In Vietnam gli Usa, a differenza della Francia, non hanno subito gravi sconfitte in scontri campali: sono stati logorati – soprattutto è stata logorata l’opinione pubblica americana – dalla strategia dei Vietcong, che eludevano gli scontri diretti, se sconfitti abbandonavano la zona per rioccuparla appena gli americani, sicuri di averla liberata, ritornavano alle loro basi. In Iraq Petraeus ha imposto la presenza costante e capillare delle proprie truppe sul territorio (hold), puntando sulla sicurezza degli abitanti che, come in Vietnam venivano taglieggiati e minacciati dagli insorti, e promosso la riconciliazione tra gruppi nemici e la ricostruzione di un ordine sociale (build). Operazioni pur sempre accompagnate da quella che i militari chiamano “fase cinetica”, cioè gli scontri armati: sono stati perseguiti senza sosta i leader di Al Qaeda, i rivoltosi e i miliziani estremisti e irriducibili. La violenza nei primi 18 mesi della nuova fase è diminuita dell’85% ed è continuata a diminuire fino a quando gli ultimi soldati americani hanno lasciato l’Iraq nel dicembre 2011.
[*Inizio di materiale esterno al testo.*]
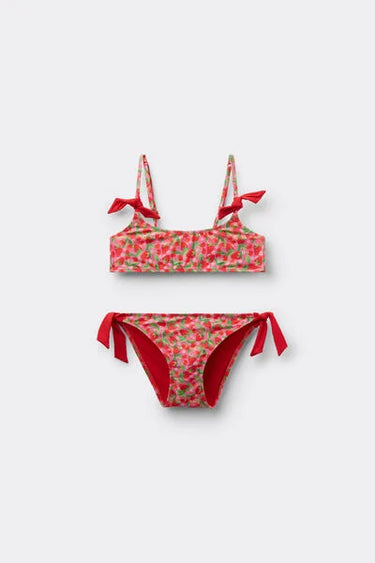 Bikini Girls’ Strawberry Party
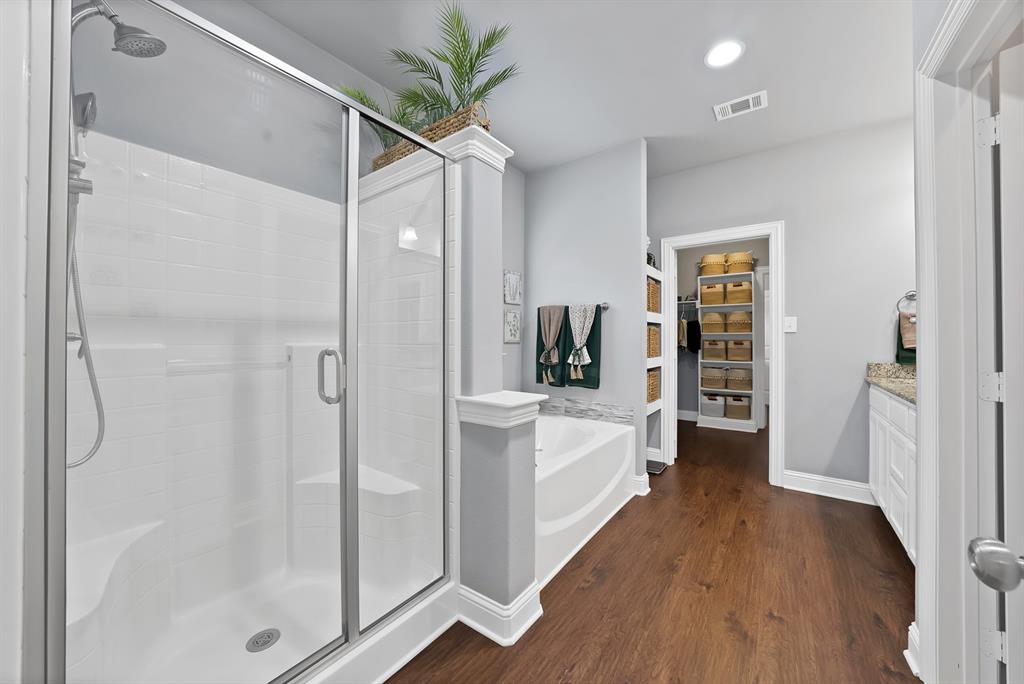 Mollie Cain - Residential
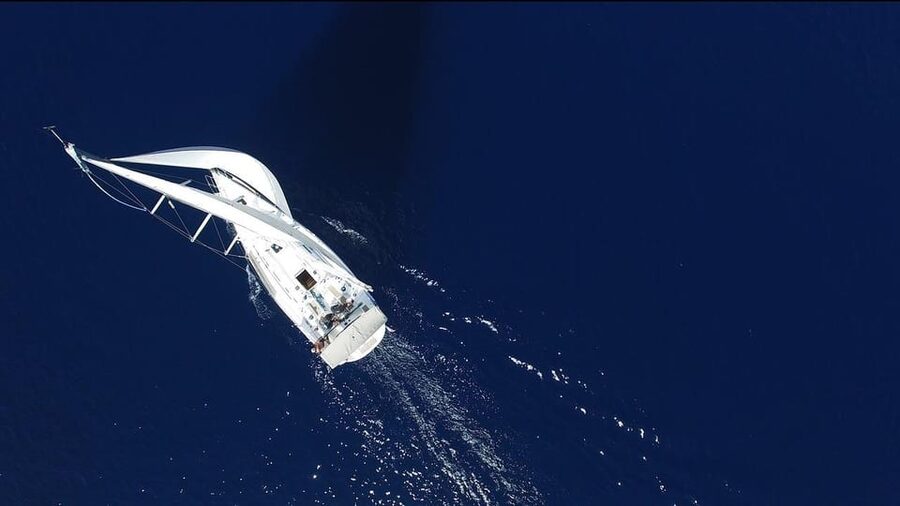 Heraklion: Sailing Cruise to Dia Island with Drinks and Meal - Food and drinks on board: what’s included and how it changes the day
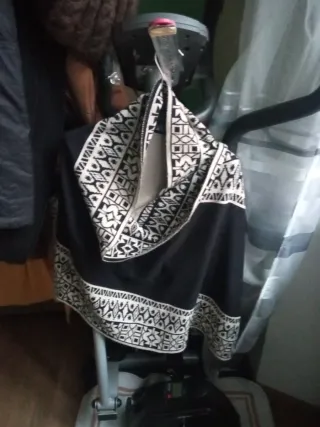 Sciarpa con fantasia geometrica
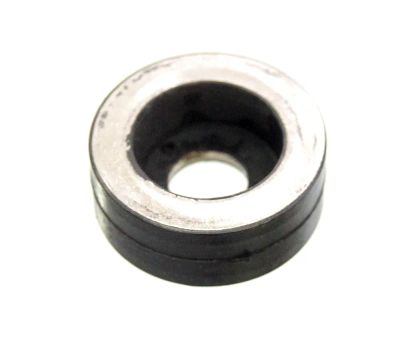 Лот: 21368521. Фото: 1. Подушка двигателя TOHATSU M40D... Запчасти для лодок, катеров, лодочных моторов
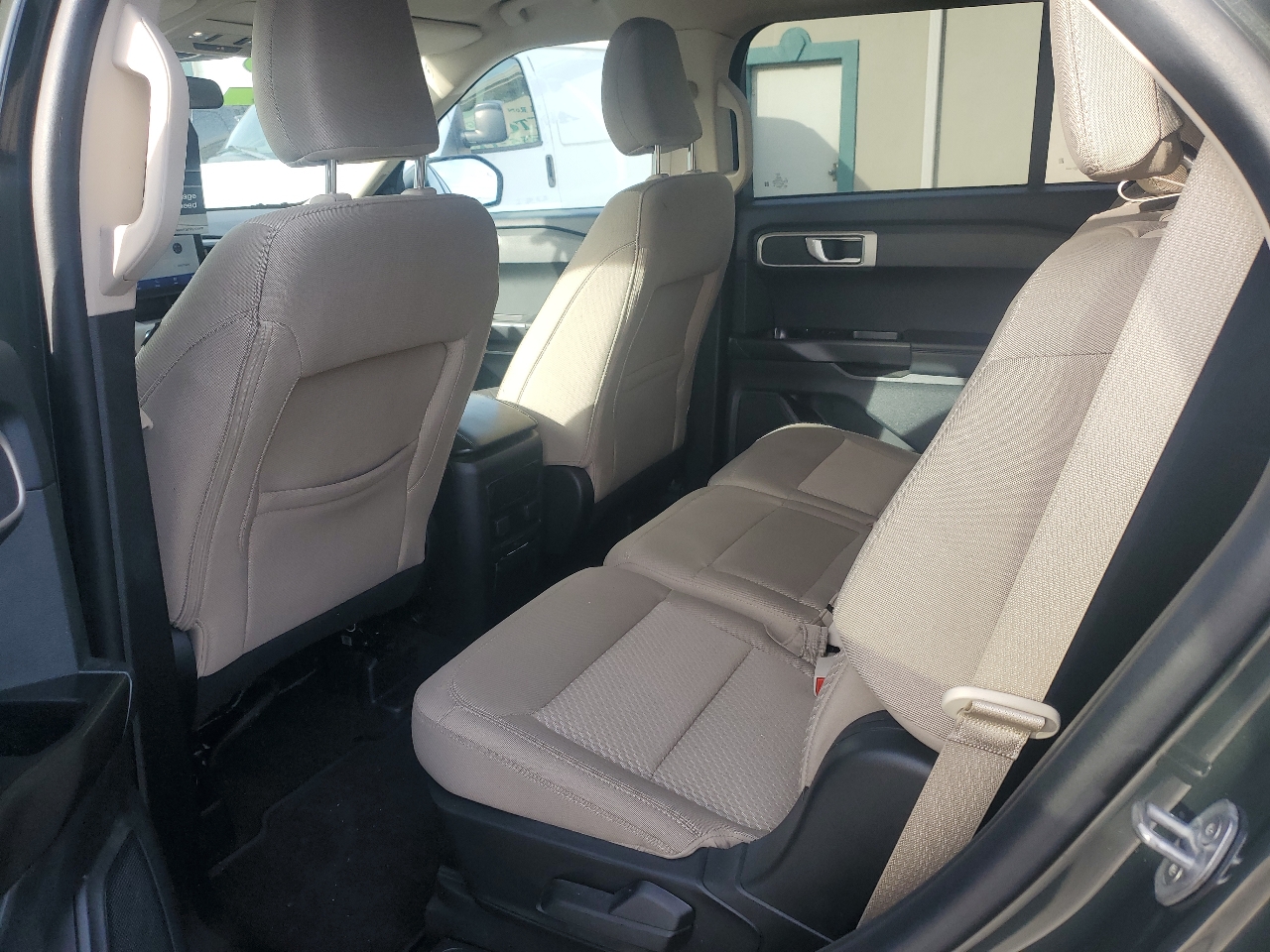 Ford Explorer Base AWD 2023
L’Iraq del dopo Saddam non è una democrazia compiuta, il suo futuro è difficile da prevedere, ma Petraeus ha assolto la propria missione. Come ha fatto in Afghanistan, dove ha applicato la stessa strategia che ha avuto successo in Iraq. Il fatto che lo Stato afghano, dopo la partenza degli Usa, sia crollato in pochi giorni sotto l’urto dei talebani, non si può addebitare ai militari americani: un governo corrotto e inefficiente, truppe non convinte della loro missione non possono essere trasformati da una forza di occupazione. Gli Usa avrebbero dovuto lasciare l’Afghanistan dopo avere raggiunto il risultato di uccidere Bin Laden e smantellare la rete di Al Qaida presente in loco (come Bush senior ha lasciato l’Iraq nella prima guerra del Golfo dopo avere sgomberato il Kuwait dalle truppe iraqene: ha sconfitto Saddam ma lo ha lasciato al potere) oppure restare a tempo indefinito (poco più di 2 mila caduti in una ventina d’anni sono certo un fenomeno doloroso ma non insostenibile per una grande potenza che voglia mantenere la leadership mondiale. Per avere un termine di riferimento teniamo presente che i russi rimasti uccisi in Ucraina – secondo fonti ucraine – dal febbraio 2022 a oggi sono circa 180.000, se si tiene anche conto di feriti e dispersi si arriva a un totale di 500.000 circa). Ma gli Usa sono una democrazia e i cittadini americani a un certo momento non hanno più accettato di pagare un prezzo in termini di vite umane e anche di risorse economiche per una guerra in cui non vedevano un interesse diretto. Anche questo è un insegnamento di cui devono tenere conto i politici occidentali. E anche i loro potenziali alleati: prima di compromettersi con le democrazie occidentali dovranno contemplare la possibilità di trovarsi un giorno soli contro il nemico.
Il libro termina con un’analisi del conflitto in corso in Ucraina e una prefigurazione delle guerre in futuro in cui Petraeus e Roberts vedono confermata la necessità di non sottovalutare mai la componente etica e il ruolo del morale in guerra.